**PROBLEM TO SOLVE:**
Beginning at the line that contains "Wastewater Science Picture-Book Spread", output each line exactly through the end of the records, and drop any pictures.

Entries taken from a collection:
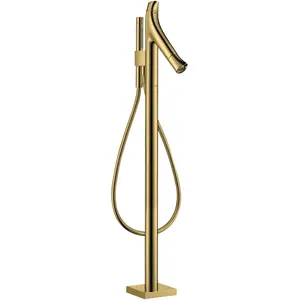 HANSGROHE 12016990 vrijstaande - Badmengkraan - thermostaatkraan - Axor Starck Biologisch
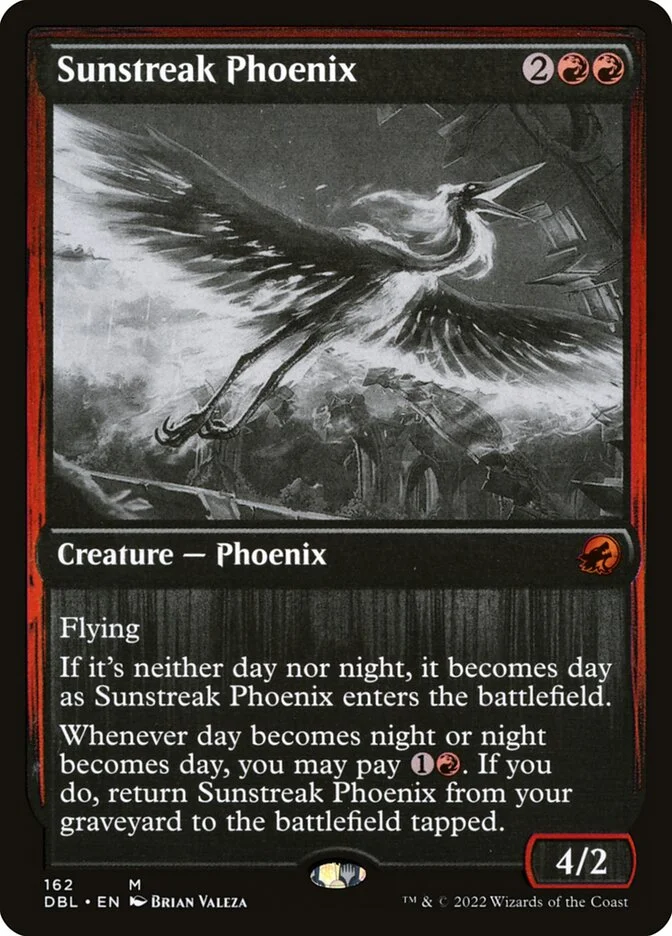 Sunstreak Phoenix 「DBL/162」「EN」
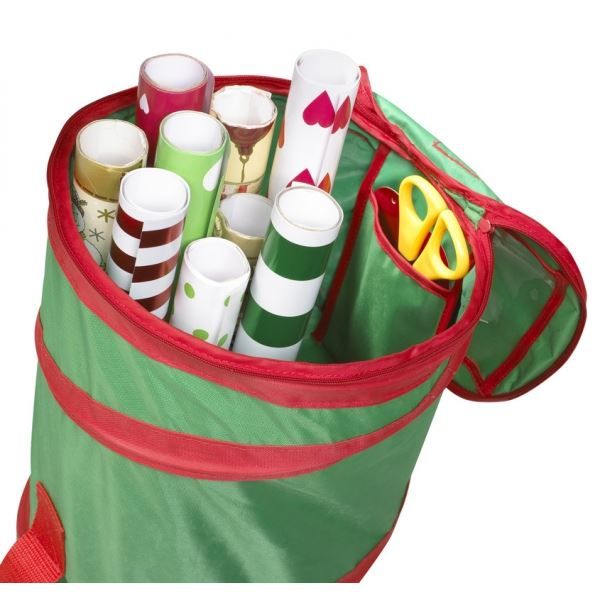 Housse De Rangement Pour Papier Cadeau Ou Decor Achat Vente
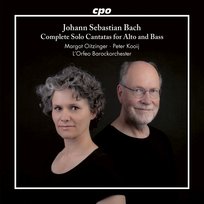 Bach: Complete Solo Cantatas For Alto And Bass L'Orfeo Barockorchester
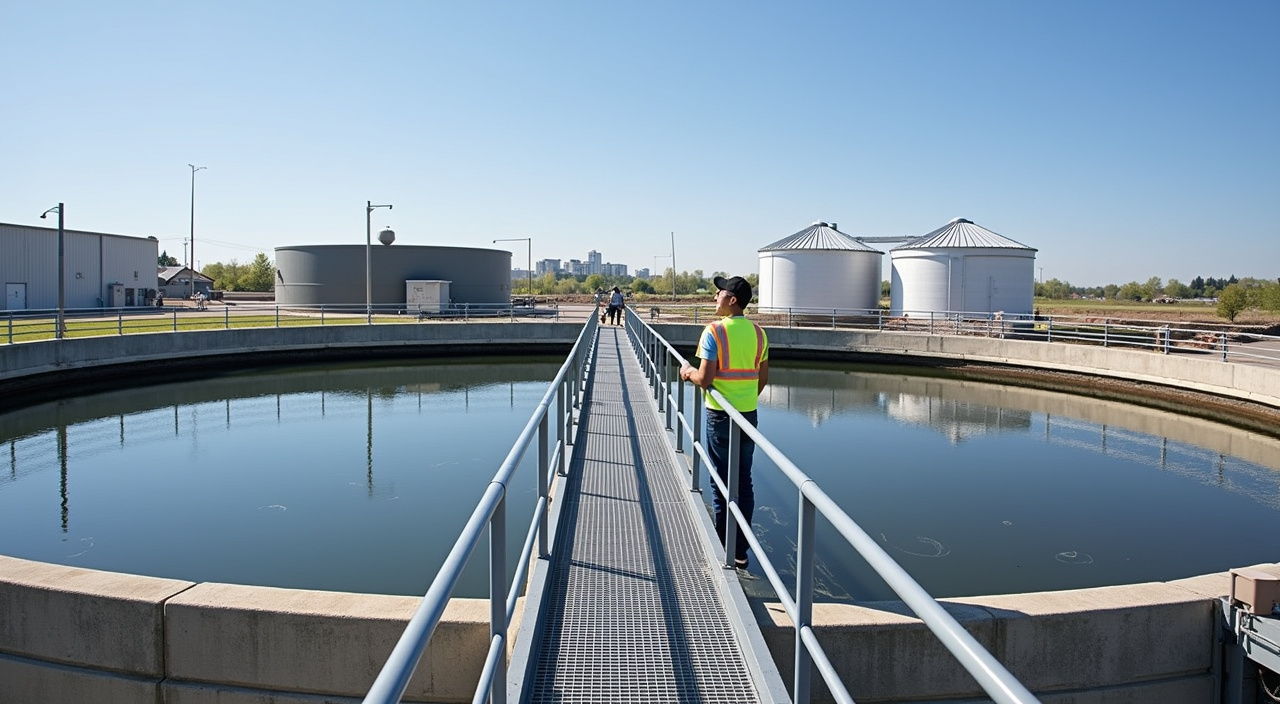 Wastewater Science Picture-Book Spread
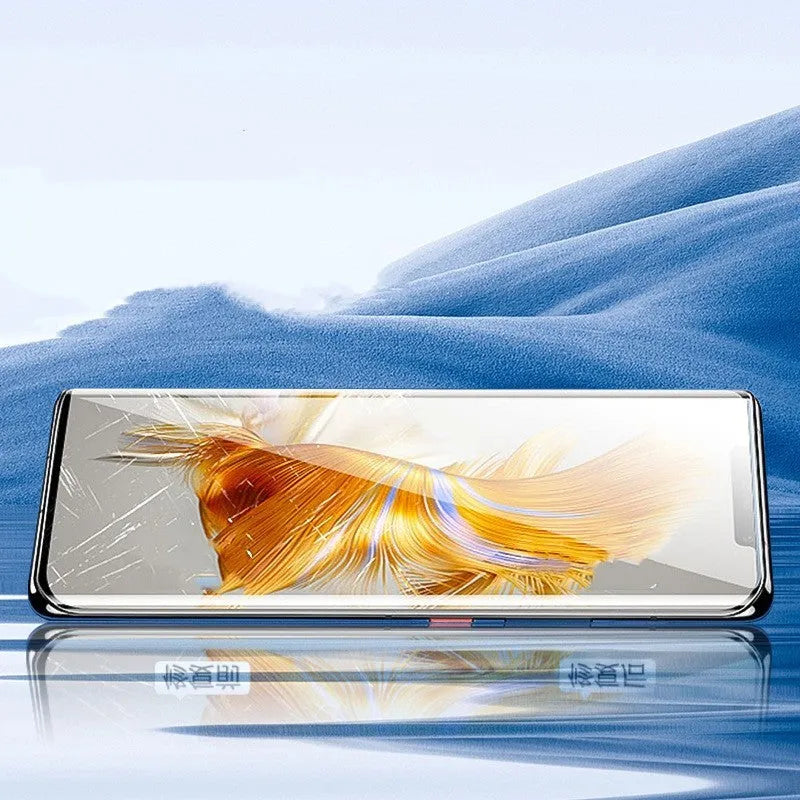 TPU screen protector for Huawei Mate 60 and Mate 60 Pro with application tools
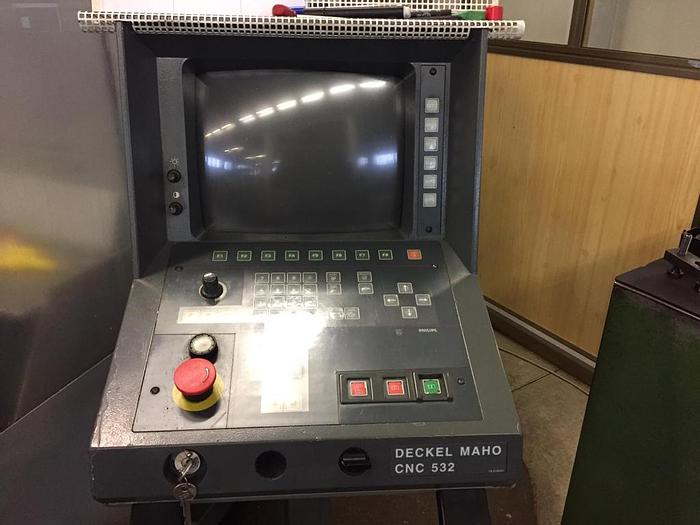 Usato FRESATRICE DECKEL MAHO MH800 E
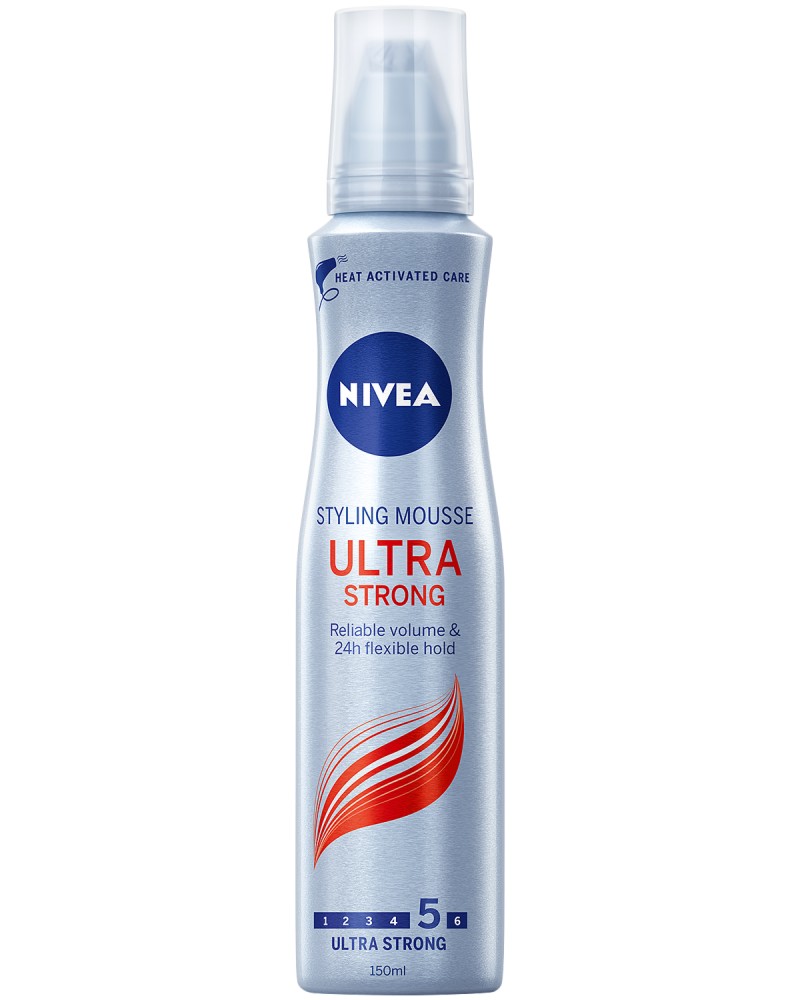 Nivea Styling Mousse Ultra Strong -        - 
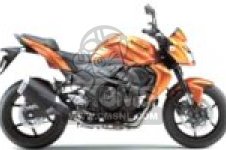 HP Corse. TERMINALE HYDROFORM SATINATO KAWASAKI Z750 04-06 Rev.4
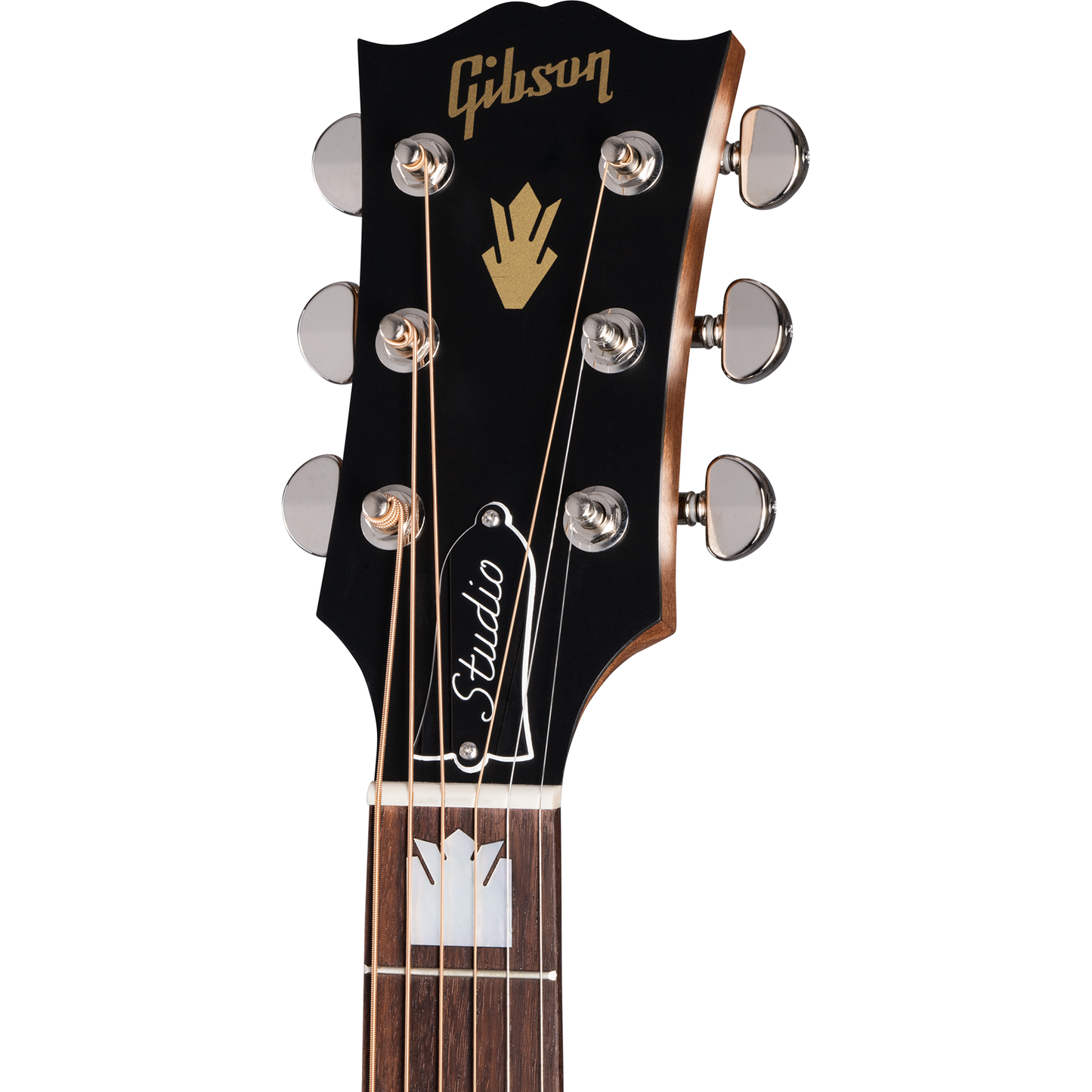 Gibson SJ-200 Studio Rosewood Acoustic Electric Guitar - Satin Rosewood Burst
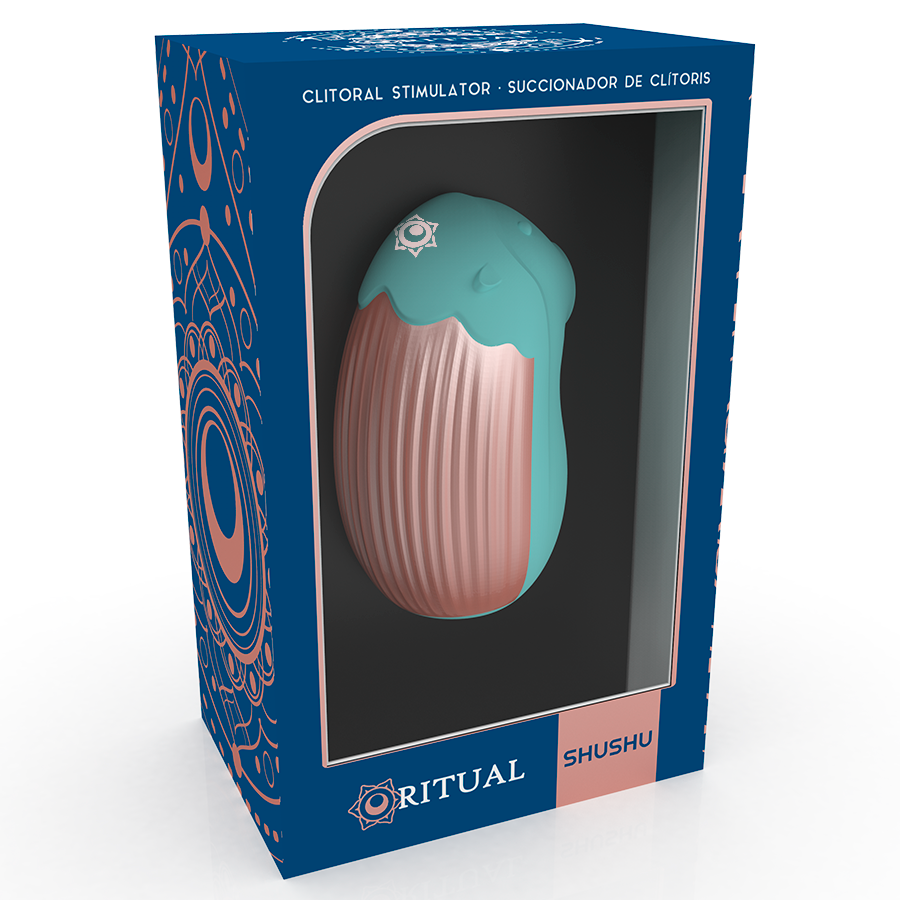 Rithual Shushu 2.0 Aqua Clitoral Stimulator with Air Waves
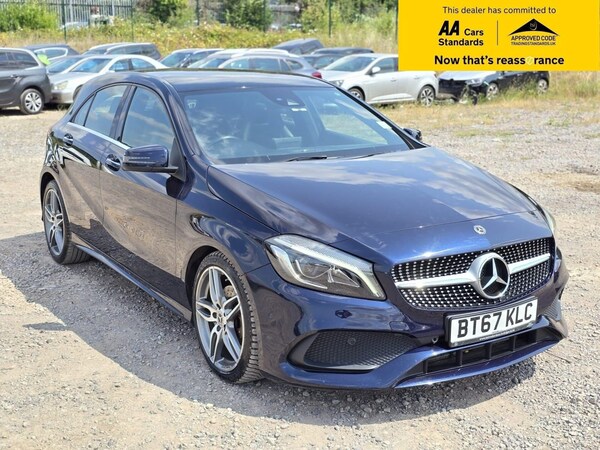 Used Mercedes-Benz A-Class 2017 for sale - 75131806: Photo 1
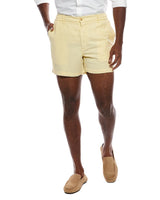 J.McLaughlin Pantaloneta Bay Mezcla de Lino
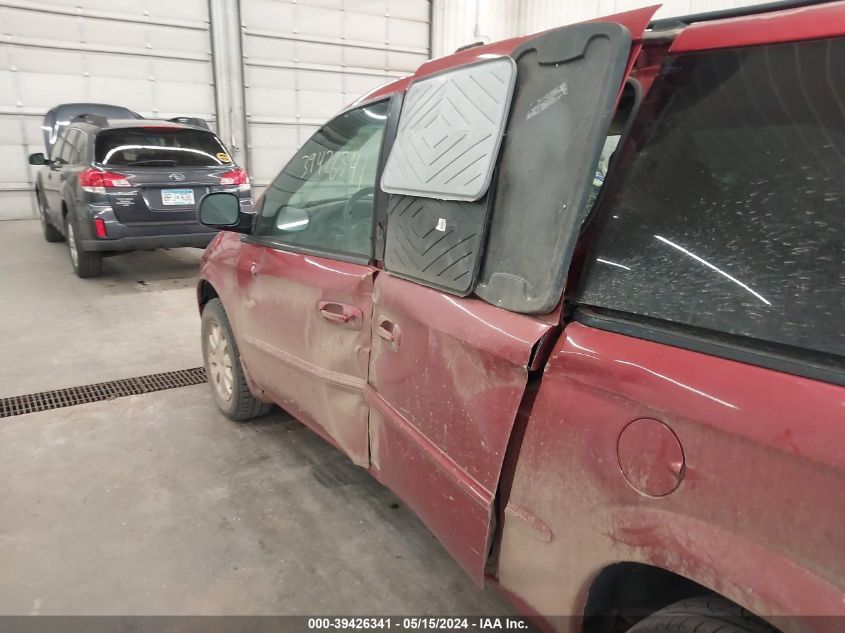 2001 Chrysler Town & Country Ex VIN: 2C8GP74L41R320452 Lot: 39426341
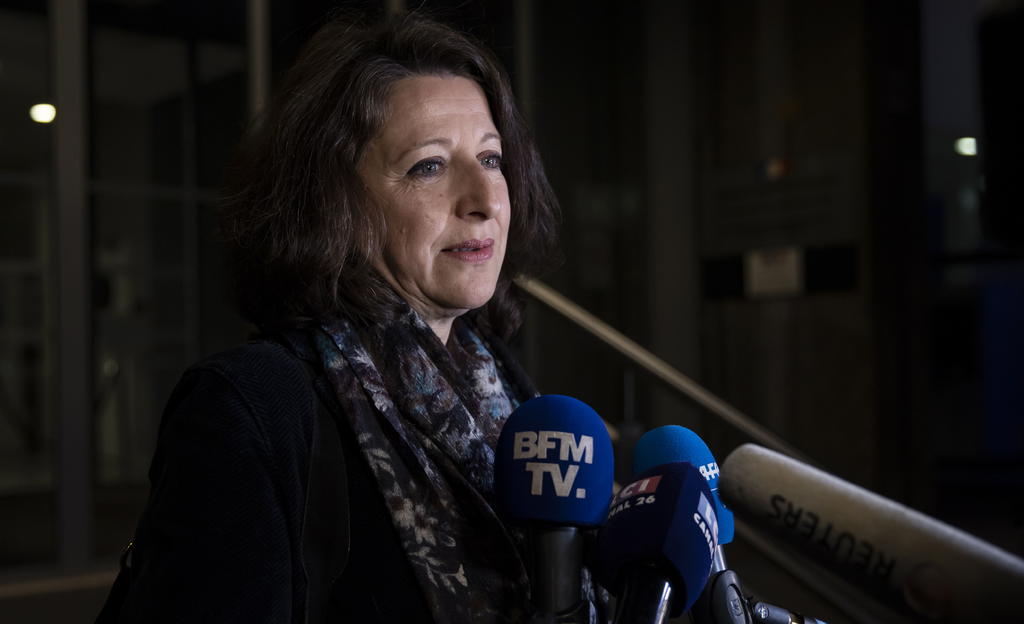 La ministra francesa de Sanidad, Agnès Buzyn, anunció su dimisión del cargo este domingo, tras asumir la candidatura para la alcaldía de París del partido del presidente, Emmanuel Macron. (ARCHIVO) 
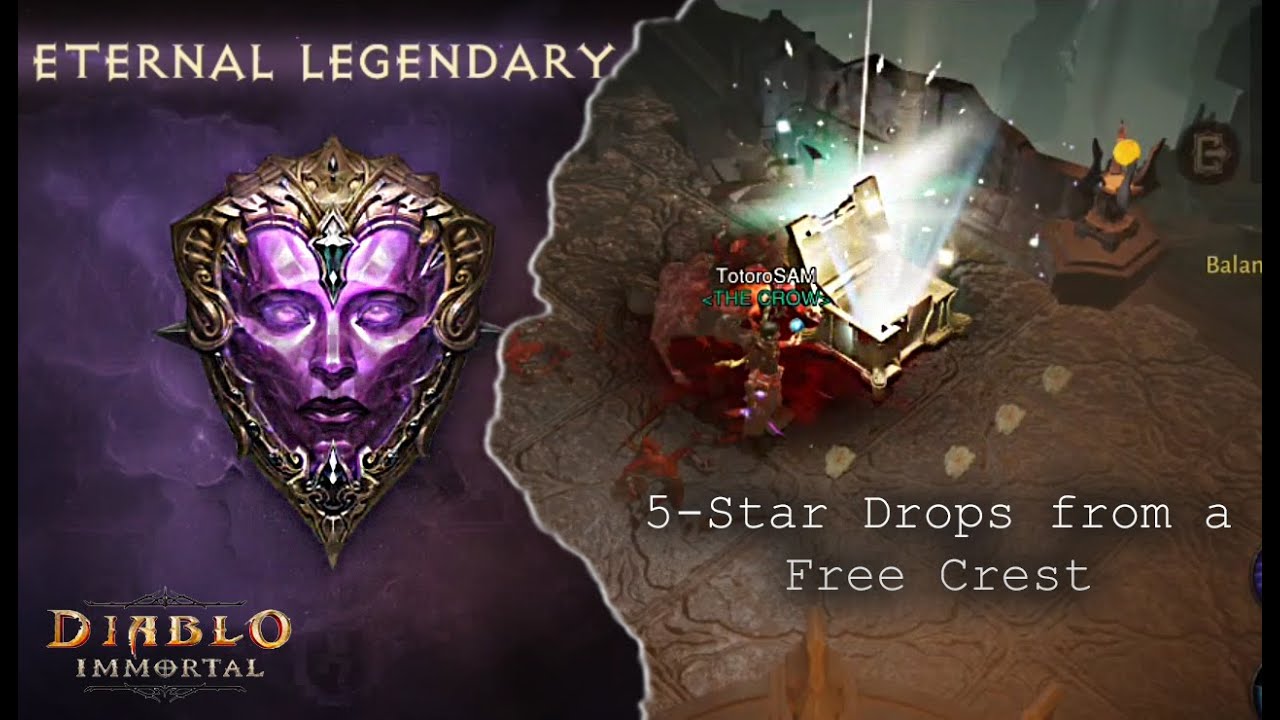 Ember-Crafted Crest Surprisingly Drops Blessing of the Worthy | Diablo Immortal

**ANSWER BELOW:**
 Wastewater Science Picture-Book Spread
 TPU screen protector for Huawei Mate 60 and Mate 60 Pro with application tools
 Usato FRESATRICE DECKEL MAHO MH800 E
 Nivea Styling Mousse Ultra Strong -        - 
 HP Corse. TERMINALE HYDROFORM SATINATO KAWASAKI Z750 04-06 Rev.4
 Gibson SJ-200 Studio Rosewood Acoustic Electric Guitar - Satin Rosewood Burst
 Rithual Shushu 2.0 Aqua Clitoral Stimulator with Air Waves
 Used Mercedes-Benz A-Class 2017 for sale - 75131806: Photo 1
 J.McLaughlin Pantaloneta Bay Mezcla de Lino
 2001 Chrysler Town & Country Ex VIN: 2C8GP74L41R320452 Lot: 39426341
 La ministra francesa de Sanidad, Agnès Buzyn, anunció su dimisión del cargo este domingo, tras asumir la candidatura para la alcaldía de París del partido del presidente, Emmanuel Macron. (ARCHIVO) 
 Ember-Crafted Crest Surprisingly Drops Blessing of the Worthy | Diablo Immortal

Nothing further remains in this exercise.